Une variété japonaise de taro (サトイモ - satoimo), ingrédient de la pâte des gâteaux cuits à la vapeur
Divers fers que l'on chauffe pour marquer les pâtisseries cuites
Un gâteau manjû marqué d'une feuille d'érable
木型 – Kigata : Les moules à gâteaux en bois
Toujours dans le cadre de notre étude de la fabrication des gâteaux japonais, nous frappons à la porte de la boutique de Yoshihiro Ichihara, le seul et unique artisan de moules en bois traditionnels à Shikoku. Il a cette année reçu un prix pour son kit de confection de sucreries nippones. La boîte contient un moule et un racloir en bois, un sachet de sucre de canne (和三盆糖 – wasanbontô) de Shikoku, un vaporisateur pour humidifier le sucre et un livre de recettes... pour la modique somme de 160 euros ! Le prix élevé s'explique par le raffinement extrême et la précision des détails du moule, résultats d'un travail fastidieux. Ce sont de véritables œuvres d'art. Le sucre de canne est lui aussi un ingrédient coûteux. Il s'agissait autrefois d'une denrée rare, que l'on offrait lors des mariages ou des cérémonies religieuses.
Ichihara-sensei au milieu de ses créations
Kit pour faire ses propres sucreries à la maison
Dans les vitrines d'Ichihara-sensei, ce sont des centaines et des centaines de moules qui s'entassent. Il y a de tout : du motif classique de pin ou de fleur de prunier aux masques de théâtre Nô, des carpes bondissantes aux phénix légendaires, en passant par les logos d'universités. Il y a même de minuscules crânes pour fêter Halloween ! La plupart de ces moules servent à la préparation de sucreries higashi, notamment celles dites rakugan(落雁), des compressions de sucre dont on fait souvent cadeau lors d'occasions particulières. D'autres moules sont utilisés pour donner des formes intéressantes aux pâtisseries fraîches comme les nerikiri que nous avons créés.

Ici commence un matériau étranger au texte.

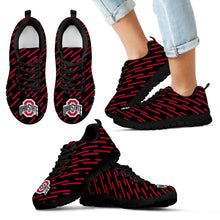 Load image into Gallery viewer, Marvelous Striped Stunning Logo Ohio State Buckeyes Sneakers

Moules pour sucreries higashi
Quand l'outil devient oeuvre d'art
L'avenir des artisans traditionnels de gâteaux japonais est désormais menacé par le développement de techniques moins coûteuses. Il est vrai que le prix de ces douceurs faites main avec des outils d'une grande sophistication semble élevé pour le gourmand qui ignore à quel point leur production est difficile. Les consommateurs se tournent plutôt vers des pâtisseries produites en Chine et décongelées. Notez cependant que les prix pratiqués par la pâtisserie Sanyûdô sont plus que raisonnables : 1,50 euro la pièce, quand on ne les trouve qu'à 4 euros à Paris !
On en a rêvé, les Japonais l'ont fait: le Play-Doh comestible!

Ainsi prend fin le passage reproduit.